I may slip the headstall off so its more comfortable to the horse not to have a bit in his mouth while he waits for me. But I don't have to worry about finding a halter or the off chance that the horses will leave me while I have the headstall off and trying to put a halter back on.

But then I often turn my horses loose to graze around camp. If that is where the trailer is, They know that is home, They may wander around but usually come when called.

A mare rolling in fresh grass while out grazing with camp in the back ground.


----------



## phantomhorse13

Joe4d said:


> My headstall is specifically designed to be quickly snapped on and off a rope halter. There is also no throat latch in the desgn, the rope becomes the throat latch part.



I am with Joe. My bridle is designed to attach to a rope halter:

(Excuse her thrilled expression, I was trying to get pics of her in her new tack and she was less than impressed :lol


----------



## Tianimalz

phantomhorse13 said:


> I am with Joe. My bridle is designed to attach to a rope halter:
> 
> (Excuse her thrilled expression, I was trying to get pics of her in her new tack and she was less than impressed :lol


Just wanted to say I love your tack set!! It looks really nice, and very flash on your mare


----------



## mildot

When a trail ride is just an hour or two long, I don't bother, particularly if riding with someone else. 

Now for a longer day in the saddle, a rope halter under the bridle and a coiled lead rope make a ton of sense.


----------



## HanginH

I think it just comes down to personal preference I guess. I do ride some colts with a halter on as a combo with my bridle but that is only for the first 6 rides maybe. Personally I just don't like the look and that is about the only reason I can come up with for not using one. We spend lots of days in the pasture riding 20-30 miles checking cows and when I need to get off I will either just wrap the reins around a tree. If my horse really wants to get a way they would be able to pull loose and not injure their mouth at all. Most of our horses are hobble broke so if we are stopping for a long time I just strip the bridle and put the hobbles on. Last resort I always have a lariat on my saddle and I just make a halter or put it around their neck.

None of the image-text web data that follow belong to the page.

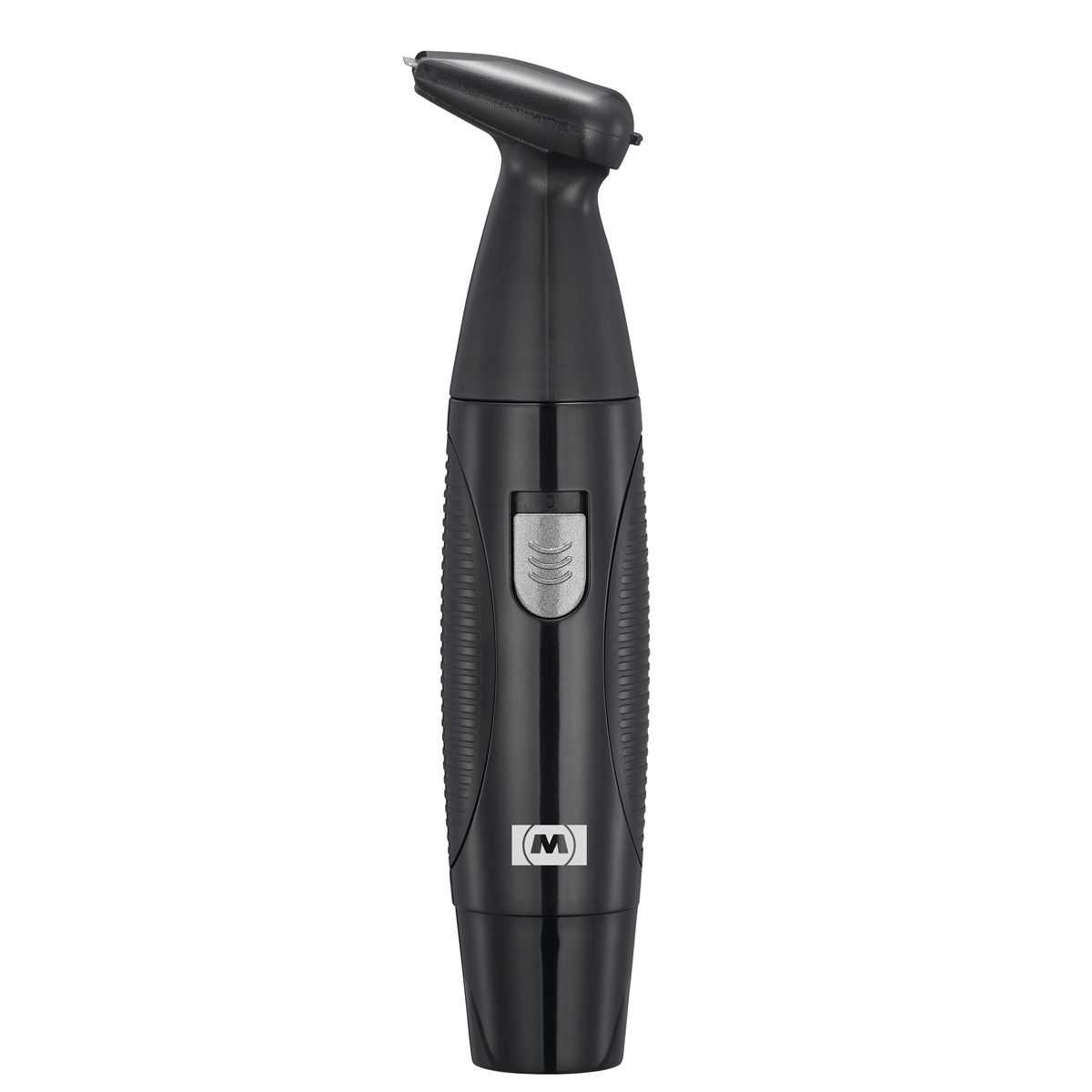 Melissa Kit tondeuse nez 16670094, noir/gris spray, 1,5W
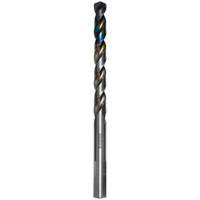 Foret Metal Demon pour aciers doux, tremp&eacute;s et inoxydables, 9/32", Cannelure 2-7/10", Pointe de 130° Pronet Distribution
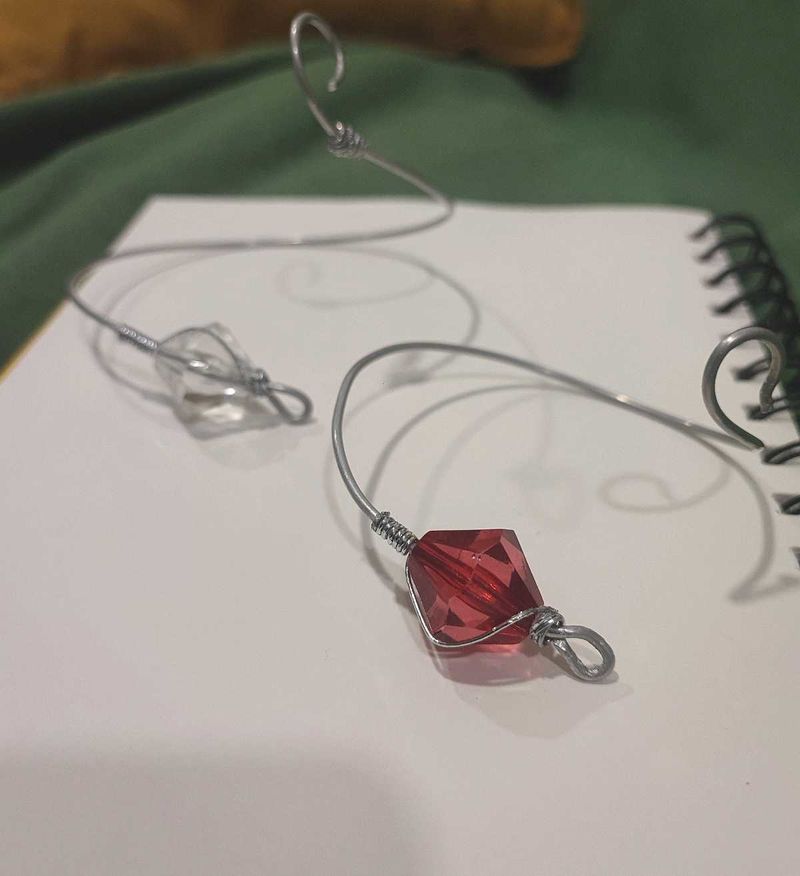 2 Goth Cuff Bracelets Combo 🥀🕸️🕷️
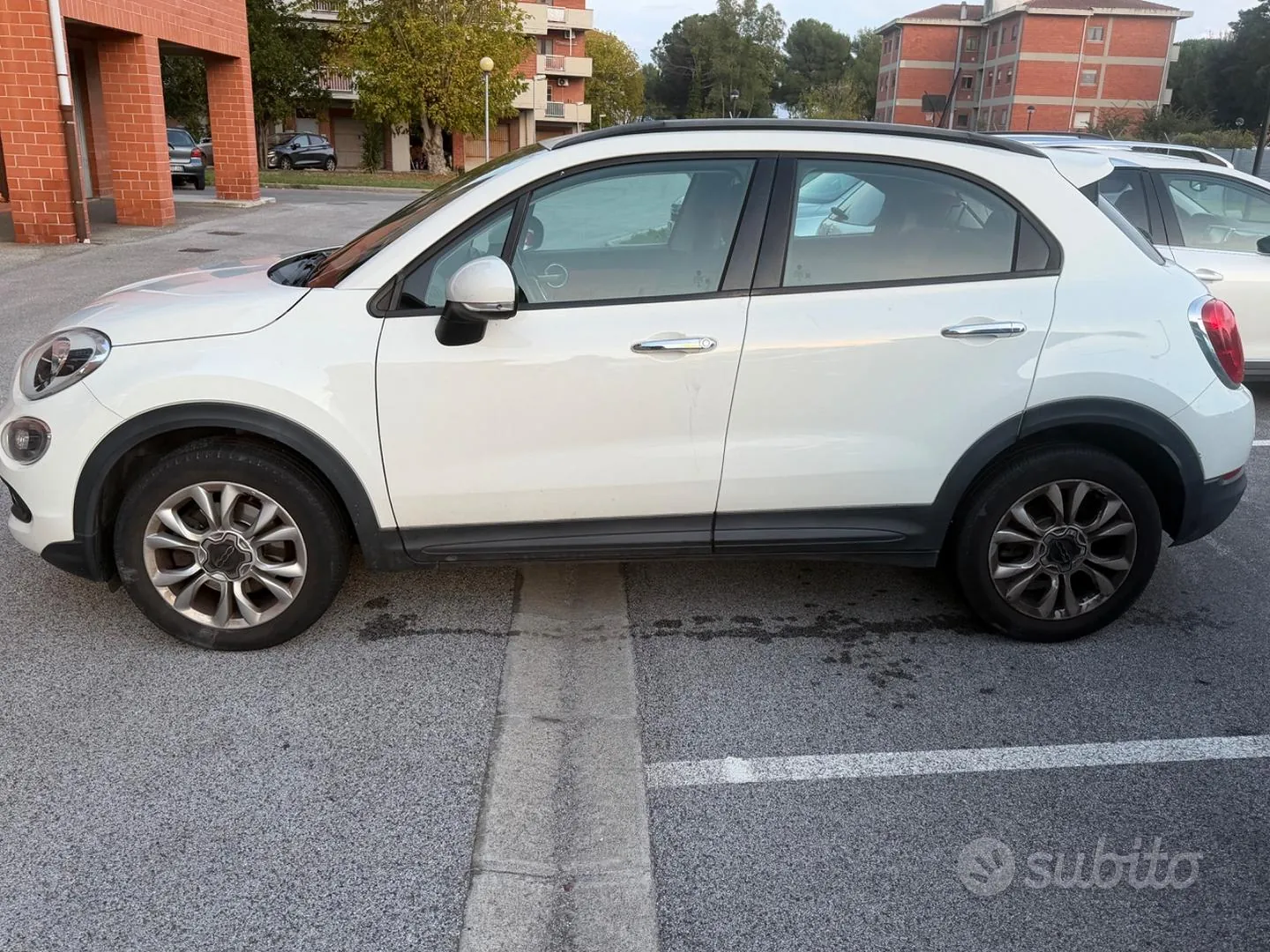 Fiat 500X 2016 photo 2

Don't think there is anything wrong with a halter under the bridle but for me I just haven't found the need.


----------



## Heelsdown

> My headstall is specifically designed to be quickly snapped on and off a rope halter. There is also no throat latch in the desgn, the rope becomes the throat latch part.
> 
> I am with Joe. My bridle is designed to attach to a rope halter:


What brand is this? It sounds nice. So the bit part snaps off?


----------



## Kawonu

I'd love to have a halter/bridle combo.


----------



## Allison Finch

Stoddard said:


> I'd love to have a halter/bridle combo.


A few models

Tory Halter Bridle Combo - Horse.com

A nice inexpensive model

Padded Nylon Horse Halter/Bridle Combo W/Reins GRN PONY on eBay!

For hunting season

ORANGE HORSE HALTER/BRIDLE COMBO & REINS Trail/Endurance Beta Biothane ANY SIZE - Bridles










Some rope combinations


----------



## Celeste

I like the Tory model you show because the bit snaps off easily. If you have to fool with buckles, it seems like it would be a pain. I have a cheap nylon bridle that has a snap like that for the bit. I don't know who makes it. Maybe I can find an old tag and figure it out.


----------



## Skipsfirstspike

While I agree it certainly Looks better without, I usually have a rope halter under the bridle, and a lead rope attached to my saddle. Have used them on many occasions. 
And though some may prefer otherwise, I can't for the life of me figure why they would strongly object to you doing so, as long as everything is fitting comfortably.


----------



## trailhorserider

I don't like the look of a halter under the bridle, so I rarely used it. Thus I would end up tying my horse by the bit, by the reins tied around the neck, all sorts of dangerous and unsecure ways. Sometimes if I knew I was stopping for lunch I would ride with a rope halter underneath, which works great, but still I tended not to use it as often as I should. One time when I got off to pee I dropped the reins and my horse galloped home. 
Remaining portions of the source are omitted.